Maintenance Therapy for Chronic DepressionA Controlled Clinical Trial of Desipramine

Author Affiliations

From the Department of Psychiatry, New York Hospital-Cornell Medical Center, New York.

Arch Gen Psychiatry. 1996;53(9):769-774. doi:10.1001/archpsyc.1996.01830090013002

Background:  Previous studies have shown the efficacy of antidepressants in the treatment of chronic depression. We report the results of a long-term study comparing desipramine hydrochloride and placebo for maintenance therapy of remitted patients with chronic depression.

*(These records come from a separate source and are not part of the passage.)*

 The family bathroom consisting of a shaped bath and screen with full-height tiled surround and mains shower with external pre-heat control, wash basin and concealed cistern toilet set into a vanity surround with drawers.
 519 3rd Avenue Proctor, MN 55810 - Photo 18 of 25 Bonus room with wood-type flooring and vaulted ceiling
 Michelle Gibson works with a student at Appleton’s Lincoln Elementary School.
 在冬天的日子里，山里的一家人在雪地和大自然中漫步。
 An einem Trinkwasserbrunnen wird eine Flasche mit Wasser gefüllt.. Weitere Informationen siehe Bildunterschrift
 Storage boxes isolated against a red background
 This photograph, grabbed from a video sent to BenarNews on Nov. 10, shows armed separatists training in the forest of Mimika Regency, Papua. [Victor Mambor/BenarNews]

Methods:  Outpatients who met DSM-III-R diagnostic criteria for "pure" dysthymia (n=51), dysthymia with current major depression ("double depression") (n=64), or chronic major depression (n=14) were treated on an open basis with desipramine. Full and partial remitters after 10 weeks entered a continuation phase of open treatment with desipramine for 16 weeks. Remitted patients then were randomized to continue desipramine treatment or tapered to placebo treatment for a maintenance phase of up to 2 years. Relapse rates and time to relapse during maintenance therapy were compared between the two treatment groups.

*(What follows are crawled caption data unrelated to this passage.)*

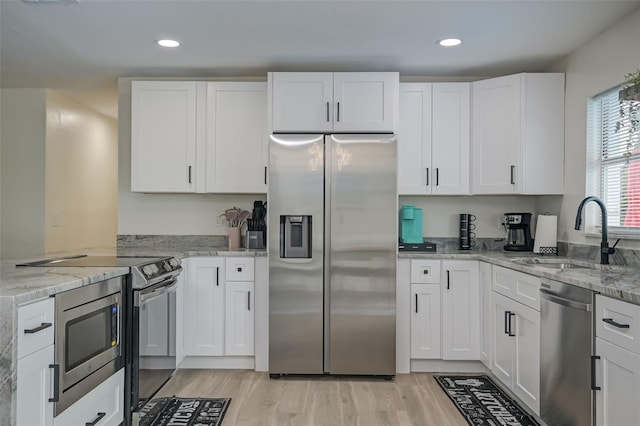 kitchen with white cabinetry, stainless steel appliances, light stone countertops, and sink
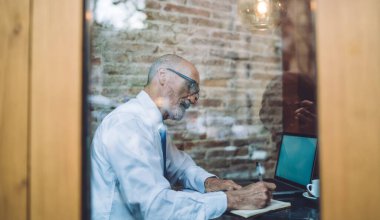 Kafede dizüstü bilgisayarını incelerken, not defterine not alan gözlüklü, odaklanmış yaşlı bir adamın yan görüntüsü.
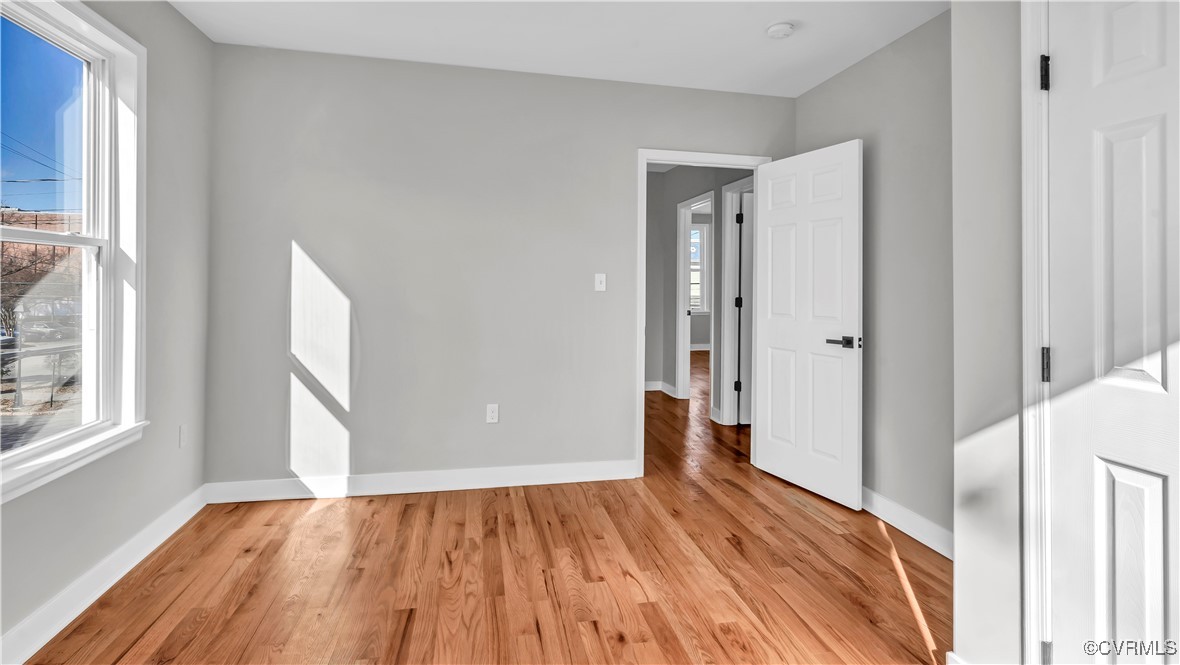 1320 Decatur Street Richmond, VA 23224 - Photo 28 of 36 a view of a room with wooden floor and a window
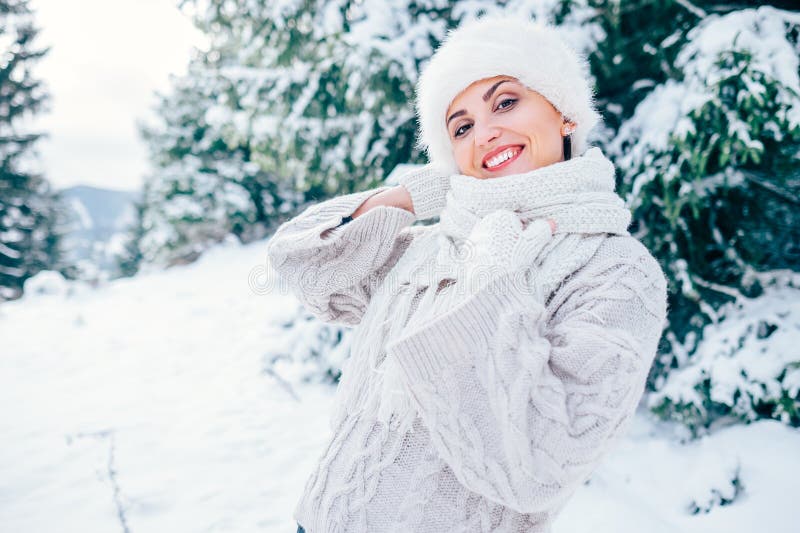 La donna sorridente in cappello tricottante accogliente di pelliccia e del pullover resta il wint del OM immagini stock La donna sorridente in cappello tricottante accogliente di pelliccia e del pullover resta il wint del OM immagini stock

Results:  Acute-phase treatment results did not differ significantly according to chronic depression subtype. Remission persisted with a high degree of stability during the continuation phase. Relapse rates during the maintenance phase were 52% for the placebo group and 11% for the active desipramine group (ϰ2=8.1, P=.004). Most placebo relapses occurred during the first 6 months of maintenance therapy. Active medication was significantly more effective than placebo in that subgroup entering the maintenance phase in full remission and in those patients who fulfilled criteria for a diagnosis of pure dysthymia or double depression on entry to the study.

Conclusion:  Long-term maintenance treatment with desipramine appeared to be effective in the prevention or postponement of relapse of depression in patients who responded to desipramine during the acute and continuation phases.